→ **Assignment**
From the data that follows, print exactly the lines starting at the one containing "1pc Outdoor Solar" and ending at the one containing "image 1 of GEEPAS"; include both of them and nothing more.

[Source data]

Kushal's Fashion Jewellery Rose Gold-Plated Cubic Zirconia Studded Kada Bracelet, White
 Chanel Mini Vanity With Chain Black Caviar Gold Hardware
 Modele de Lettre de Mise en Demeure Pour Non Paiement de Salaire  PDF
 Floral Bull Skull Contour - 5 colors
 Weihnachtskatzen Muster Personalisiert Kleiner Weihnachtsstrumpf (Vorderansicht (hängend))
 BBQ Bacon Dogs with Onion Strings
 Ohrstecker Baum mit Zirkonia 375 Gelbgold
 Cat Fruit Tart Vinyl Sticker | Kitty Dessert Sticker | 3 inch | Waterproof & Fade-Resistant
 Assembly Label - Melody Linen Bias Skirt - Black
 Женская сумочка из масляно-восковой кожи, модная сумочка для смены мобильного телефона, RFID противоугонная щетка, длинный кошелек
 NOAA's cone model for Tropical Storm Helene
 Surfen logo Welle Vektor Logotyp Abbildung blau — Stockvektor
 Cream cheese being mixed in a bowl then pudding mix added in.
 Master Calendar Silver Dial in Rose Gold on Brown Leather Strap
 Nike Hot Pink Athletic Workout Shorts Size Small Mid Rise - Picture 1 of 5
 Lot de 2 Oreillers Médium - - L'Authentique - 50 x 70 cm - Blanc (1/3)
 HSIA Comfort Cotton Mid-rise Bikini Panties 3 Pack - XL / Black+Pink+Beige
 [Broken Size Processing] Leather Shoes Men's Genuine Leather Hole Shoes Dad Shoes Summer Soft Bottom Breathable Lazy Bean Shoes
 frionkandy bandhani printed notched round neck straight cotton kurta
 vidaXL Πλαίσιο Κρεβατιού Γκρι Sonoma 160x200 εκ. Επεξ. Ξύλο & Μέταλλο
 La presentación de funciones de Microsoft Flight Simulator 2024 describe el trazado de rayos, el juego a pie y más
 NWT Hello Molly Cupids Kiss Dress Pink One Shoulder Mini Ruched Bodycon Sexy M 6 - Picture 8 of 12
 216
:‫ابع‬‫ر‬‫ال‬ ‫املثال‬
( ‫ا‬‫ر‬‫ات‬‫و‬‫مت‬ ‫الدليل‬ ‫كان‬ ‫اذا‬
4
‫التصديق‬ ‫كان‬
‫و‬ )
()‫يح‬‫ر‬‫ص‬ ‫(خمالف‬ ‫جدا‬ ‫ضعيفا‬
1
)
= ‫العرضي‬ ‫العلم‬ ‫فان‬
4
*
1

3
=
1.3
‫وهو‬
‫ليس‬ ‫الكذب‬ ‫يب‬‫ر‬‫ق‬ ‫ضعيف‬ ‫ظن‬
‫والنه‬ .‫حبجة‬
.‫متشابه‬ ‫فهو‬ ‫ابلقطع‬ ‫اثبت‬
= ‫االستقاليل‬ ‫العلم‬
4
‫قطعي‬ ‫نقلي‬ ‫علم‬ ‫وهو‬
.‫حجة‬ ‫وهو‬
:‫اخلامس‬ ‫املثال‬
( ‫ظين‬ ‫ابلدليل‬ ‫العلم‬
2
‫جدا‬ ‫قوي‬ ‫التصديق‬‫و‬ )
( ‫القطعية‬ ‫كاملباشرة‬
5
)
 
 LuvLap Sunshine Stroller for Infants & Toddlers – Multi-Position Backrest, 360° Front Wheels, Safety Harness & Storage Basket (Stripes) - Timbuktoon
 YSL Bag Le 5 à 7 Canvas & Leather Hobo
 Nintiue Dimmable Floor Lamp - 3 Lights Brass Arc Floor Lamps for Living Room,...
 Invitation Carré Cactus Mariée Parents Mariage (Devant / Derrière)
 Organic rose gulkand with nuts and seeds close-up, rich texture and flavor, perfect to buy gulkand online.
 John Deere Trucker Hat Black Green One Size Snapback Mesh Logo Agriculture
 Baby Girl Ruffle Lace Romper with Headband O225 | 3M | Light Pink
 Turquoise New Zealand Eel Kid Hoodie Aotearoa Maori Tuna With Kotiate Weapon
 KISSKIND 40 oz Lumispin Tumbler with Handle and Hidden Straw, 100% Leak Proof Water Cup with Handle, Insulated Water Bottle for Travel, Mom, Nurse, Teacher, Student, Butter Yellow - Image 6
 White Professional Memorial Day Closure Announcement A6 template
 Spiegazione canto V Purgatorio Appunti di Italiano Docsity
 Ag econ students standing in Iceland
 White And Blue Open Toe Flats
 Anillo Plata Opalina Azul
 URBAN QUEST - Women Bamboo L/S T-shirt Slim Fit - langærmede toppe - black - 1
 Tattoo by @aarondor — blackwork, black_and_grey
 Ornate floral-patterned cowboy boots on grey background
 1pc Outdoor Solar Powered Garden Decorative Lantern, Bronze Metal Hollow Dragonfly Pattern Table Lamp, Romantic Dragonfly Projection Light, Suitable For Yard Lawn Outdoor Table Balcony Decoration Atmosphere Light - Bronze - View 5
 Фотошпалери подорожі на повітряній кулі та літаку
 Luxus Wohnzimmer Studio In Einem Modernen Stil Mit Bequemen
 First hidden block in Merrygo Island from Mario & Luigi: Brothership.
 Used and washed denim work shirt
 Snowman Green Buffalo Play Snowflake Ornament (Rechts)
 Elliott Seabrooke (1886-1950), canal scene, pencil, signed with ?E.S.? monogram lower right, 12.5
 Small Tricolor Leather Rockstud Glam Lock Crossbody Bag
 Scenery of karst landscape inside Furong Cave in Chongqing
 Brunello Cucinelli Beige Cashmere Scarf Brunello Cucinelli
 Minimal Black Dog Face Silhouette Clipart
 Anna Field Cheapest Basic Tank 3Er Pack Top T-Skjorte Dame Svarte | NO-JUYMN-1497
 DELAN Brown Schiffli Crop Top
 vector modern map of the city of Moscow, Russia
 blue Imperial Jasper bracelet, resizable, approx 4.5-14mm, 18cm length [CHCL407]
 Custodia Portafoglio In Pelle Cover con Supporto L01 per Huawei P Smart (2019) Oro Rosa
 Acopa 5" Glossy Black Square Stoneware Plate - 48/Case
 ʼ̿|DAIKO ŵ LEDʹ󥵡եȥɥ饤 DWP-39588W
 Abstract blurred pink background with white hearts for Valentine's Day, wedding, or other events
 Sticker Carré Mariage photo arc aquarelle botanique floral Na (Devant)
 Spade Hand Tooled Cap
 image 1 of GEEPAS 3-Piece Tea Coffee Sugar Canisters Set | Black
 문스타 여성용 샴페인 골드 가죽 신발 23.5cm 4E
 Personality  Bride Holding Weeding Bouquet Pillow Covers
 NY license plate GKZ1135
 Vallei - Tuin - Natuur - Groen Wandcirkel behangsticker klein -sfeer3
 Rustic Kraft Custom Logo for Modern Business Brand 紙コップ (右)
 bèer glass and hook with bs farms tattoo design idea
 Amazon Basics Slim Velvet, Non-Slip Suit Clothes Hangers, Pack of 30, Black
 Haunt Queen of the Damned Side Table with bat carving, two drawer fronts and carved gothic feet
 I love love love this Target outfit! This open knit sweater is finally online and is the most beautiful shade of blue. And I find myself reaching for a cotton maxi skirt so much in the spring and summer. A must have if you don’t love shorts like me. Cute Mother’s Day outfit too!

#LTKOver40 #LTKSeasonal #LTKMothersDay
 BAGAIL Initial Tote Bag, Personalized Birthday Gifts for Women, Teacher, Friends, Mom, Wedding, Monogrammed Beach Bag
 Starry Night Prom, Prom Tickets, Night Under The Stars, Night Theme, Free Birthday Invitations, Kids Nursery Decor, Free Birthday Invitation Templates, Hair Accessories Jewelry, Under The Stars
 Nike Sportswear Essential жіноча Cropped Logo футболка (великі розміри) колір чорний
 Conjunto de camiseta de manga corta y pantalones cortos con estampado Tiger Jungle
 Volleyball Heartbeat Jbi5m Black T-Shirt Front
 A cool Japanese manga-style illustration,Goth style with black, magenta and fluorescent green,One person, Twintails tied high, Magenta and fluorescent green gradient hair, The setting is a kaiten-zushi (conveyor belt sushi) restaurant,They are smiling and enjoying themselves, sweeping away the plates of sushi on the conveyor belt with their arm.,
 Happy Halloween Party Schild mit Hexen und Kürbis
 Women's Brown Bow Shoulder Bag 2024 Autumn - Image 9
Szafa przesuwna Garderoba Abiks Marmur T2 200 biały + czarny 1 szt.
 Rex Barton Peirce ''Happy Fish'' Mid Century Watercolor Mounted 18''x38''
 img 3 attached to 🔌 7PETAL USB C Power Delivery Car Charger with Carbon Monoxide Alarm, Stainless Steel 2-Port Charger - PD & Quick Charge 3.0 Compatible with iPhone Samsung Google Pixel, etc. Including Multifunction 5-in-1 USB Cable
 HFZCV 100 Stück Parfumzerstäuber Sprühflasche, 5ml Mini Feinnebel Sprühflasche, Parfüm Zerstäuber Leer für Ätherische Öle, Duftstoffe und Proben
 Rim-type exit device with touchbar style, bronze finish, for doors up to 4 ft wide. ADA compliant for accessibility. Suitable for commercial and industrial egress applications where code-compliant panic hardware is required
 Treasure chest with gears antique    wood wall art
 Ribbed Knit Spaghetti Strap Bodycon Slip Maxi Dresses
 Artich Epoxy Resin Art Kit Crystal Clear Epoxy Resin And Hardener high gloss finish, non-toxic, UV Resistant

→ **Answer to this problem**
 1pc Outdoor Solar Powered Garden Decorative Lantern, Bronze Metal Hollow Dragonfly Pattern Table Lamp, Romantic Dragonfly Projection Light, Suitable For Yard Lawn Outdoor Table Balcony Decoration Atmosphere Light - Bronze - View 5
 Фотошпалери подорожі на повітряній кулі та літаку
 Luxus Wohnzimmer Studio In Einem Modernen Stil Mit Bequemen
 First hidden block in Merrygo Island from Mario & Luigi: Brothership.
 Used and washed denim work shirt
 Snowman Green Buffalo Play Snowflake Ornament (Rechts)
 Elliott Seabrooke (1886-1950), canal scene, pencil, signed with ?E.S.? monogram lower right, 12.5
 Small Tricolor Leather Rockstud Glam Lock Crossbody Bag
 Scenery of karst landscape inside Furong Cave in Chongqing
 Brunello Cucinelli Beige Cashmere Scarf Brunello Cucinelli
 Minimal Black Dog Face Silhouette Clipart
 Anna Field Cheapest Basic Tank 3Er Pack Top T-Skjorte Dame Svarte | NO-JUYMN-1497
 DELAN Brown Schiffli Crop Top
 vector modern map of the city of Moscow, Russia
 blue Imperial Jasper bracelet, resizable, approx 4.5-14mm, 18cm length [CHCL407]
 Custodia Portafoglio In Pelle Cover con Supporto L01 per Huawei P Smart (2019) Oro Rosa
 Acopa 5" Glossy Black Square Stoneware Plate - 48/Case
 ʼ̿|DAIKO ŵ LEDʹ󥵡եȥɥ饤 DWP-39588W
 Abstract blurred pink background with white hearts for Valentine's Day, wedding, or other events
 Sticker Carré Mariage photo arc aquarelle botanique floral Na (Devant)
 Spade Hand Tooled Cap
 image 1 of GEEPAS 3-Piece Tea Coffee Sugar Canisters Set | Black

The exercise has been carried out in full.